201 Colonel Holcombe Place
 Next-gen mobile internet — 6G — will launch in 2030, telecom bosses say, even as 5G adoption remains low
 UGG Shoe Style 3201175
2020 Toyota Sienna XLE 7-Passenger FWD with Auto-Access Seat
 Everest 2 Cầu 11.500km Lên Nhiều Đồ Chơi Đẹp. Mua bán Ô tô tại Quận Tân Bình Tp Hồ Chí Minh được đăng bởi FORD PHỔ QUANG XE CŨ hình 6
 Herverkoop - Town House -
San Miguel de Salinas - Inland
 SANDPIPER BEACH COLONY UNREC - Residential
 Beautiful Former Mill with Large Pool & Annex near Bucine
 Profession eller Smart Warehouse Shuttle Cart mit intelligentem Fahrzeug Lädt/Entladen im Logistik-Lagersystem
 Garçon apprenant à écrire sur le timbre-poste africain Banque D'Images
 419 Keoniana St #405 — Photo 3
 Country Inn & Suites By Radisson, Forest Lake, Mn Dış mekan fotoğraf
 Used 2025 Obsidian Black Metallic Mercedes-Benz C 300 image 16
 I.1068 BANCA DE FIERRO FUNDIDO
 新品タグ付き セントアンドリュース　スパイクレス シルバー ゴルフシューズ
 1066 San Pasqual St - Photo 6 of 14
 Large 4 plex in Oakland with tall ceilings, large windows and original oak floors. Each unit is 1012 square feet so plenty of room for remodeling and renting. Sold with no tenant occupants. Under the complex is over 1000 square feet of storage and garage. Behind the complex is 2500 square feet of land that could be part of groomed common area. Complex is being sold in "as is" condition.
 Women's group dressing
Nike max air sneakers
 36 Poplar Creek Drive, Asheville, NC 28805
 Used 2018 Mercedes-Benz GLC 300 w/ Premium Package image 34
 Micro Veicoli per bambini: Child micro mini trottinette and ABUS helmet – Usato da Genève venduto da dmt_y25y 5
____________________
**Work to complete**
The records above are to be returned exactly as they appear.

**Task solution**
201 Colonel Holcombe Place
 Next-gen mobile internet — 6G — will launch in 2030, telecom bosses say, even as 5G adoption remains low
 UGG Shoe Style 3201175
2020 Toyota Sienna XLE 7-Passenger FWD with Auto-Access Seat
 Everest 2 Cầu 11.500km Lên Nhiều Đồ Chơi Đẹp. Mua bán Ô tô tại Quận Tân Bình Tp Hồ Chí Minh được đăng bởi FORD PHỔ QUANG XE CŨ hình 6
 Herverkoop - Town House -
San Miguel de Salinas - Inland
 SANDPIPER BEACH COLONY UNREC - Residential
 Beautiful Former Mill with Large Pool & Annex near Bucine
 Profession eller Smart Warehouse Shuttle Cart mit intelligentem Fahrzeug Lädt/Entladen im Logistik-Lagersystem
 Garçon apprenant à écrire sur le timbre-poste africain Banque D'Images
 419 Keoniana St #405 — Photo 3
 Country Inn & Suites By Radisson, Forest Lake, Mn Dış mekan fotoğraf
 Used 2025 Obsidian Black Metallic Mercedes-Benz C 300 image 16
 I.1068 BANCA DE FIERRO FUNDIDO
 新品タグ付き セントアンドリュース　スパイクレス シルバー ゴルフシューズ
 1066 San Pasqual St - Photo 6 of 14
 Large 4 plex in Oakland with tall ceilings, large windows and original oak floors. Each unit is 1012 square feet so plenty of room for remodeling and renting. Sold with no tenant occupants. Under the complex is over 1000 square feet of storage and garage. Behind the complex is 2500 square feet of land that could be part of groomed common area. Complex is being sold in "as is" condition.
 Women's group dressing
Nike max air sneakers
 36 Poplar Creek Drive, Asheville, NC 28805
 Used 2018 Mercedes-Benz GLC 300 w/ Premium Package image 34
 Micro Veicoli per bambini: Child micro mini trottinette and ABUS helmet – Usato da Genève venduto da dmt_y25y 5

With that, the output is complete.